Provided records:
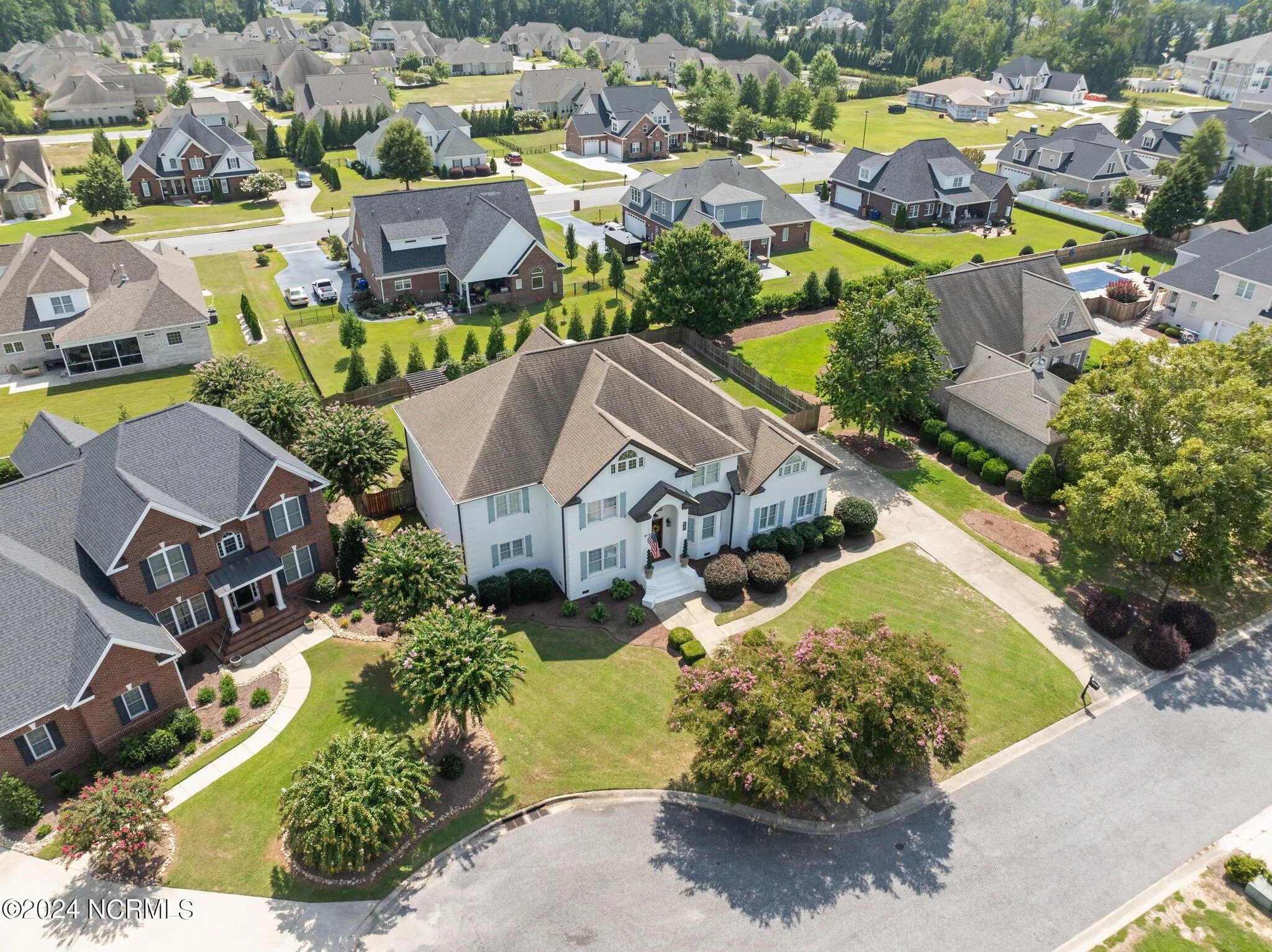Greenville, North Carolina 27858, United States, 5 Bedrooms Bedrooms, ,5 BathroomsBathrooms,Residential,Pending,79812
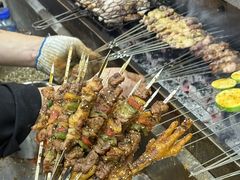 -江湖亮亮蒸虾大排档烤全羊清真(武汉总店)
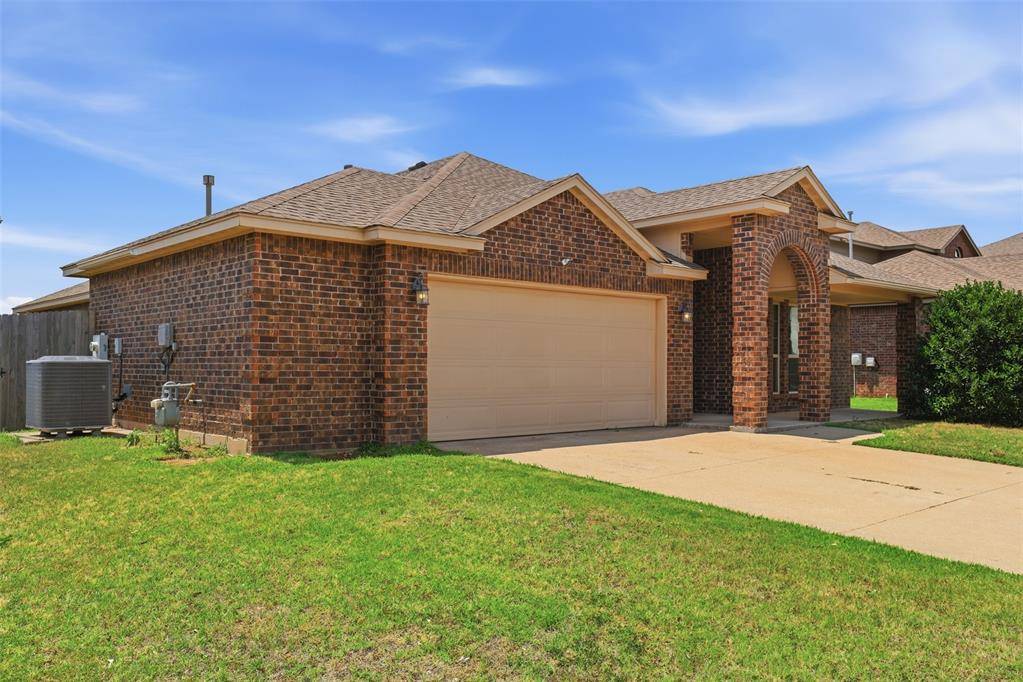 11316 NW 96th ST, Yukon, OK 73099
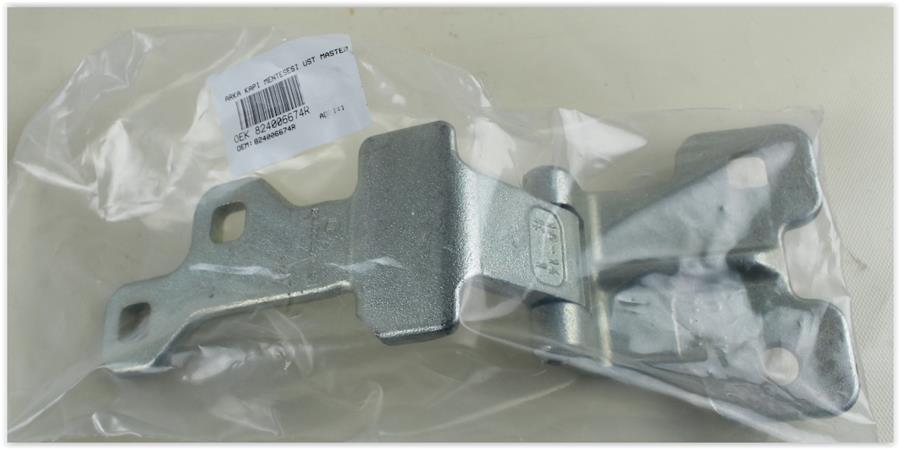 Master 2 Arka Kapı Üst Menteşesi 824006674R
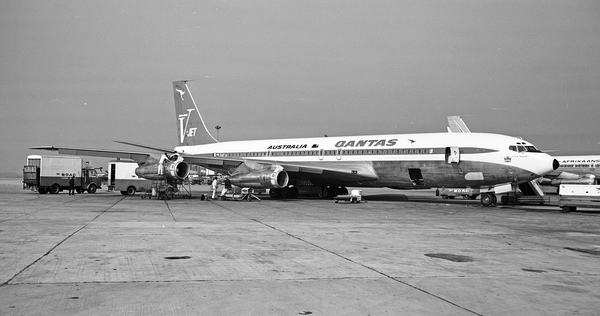 Qantus Boeing 707-338C  VH-EAE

What to work on:
Copy, exactly and exclusively, the lines beginning with the one that contains "11316 NW 96th ST, Yukon, OK 73099" and ending with the last line of the listing; pictures are to be omitted.

The completed task:
 11316 NW 96th ST, Yukon, OK 73099
 Master 2 Arka Kapı Üst Menteşesi 824006674R
 Qantus Boeing 707-338C  VH-EAE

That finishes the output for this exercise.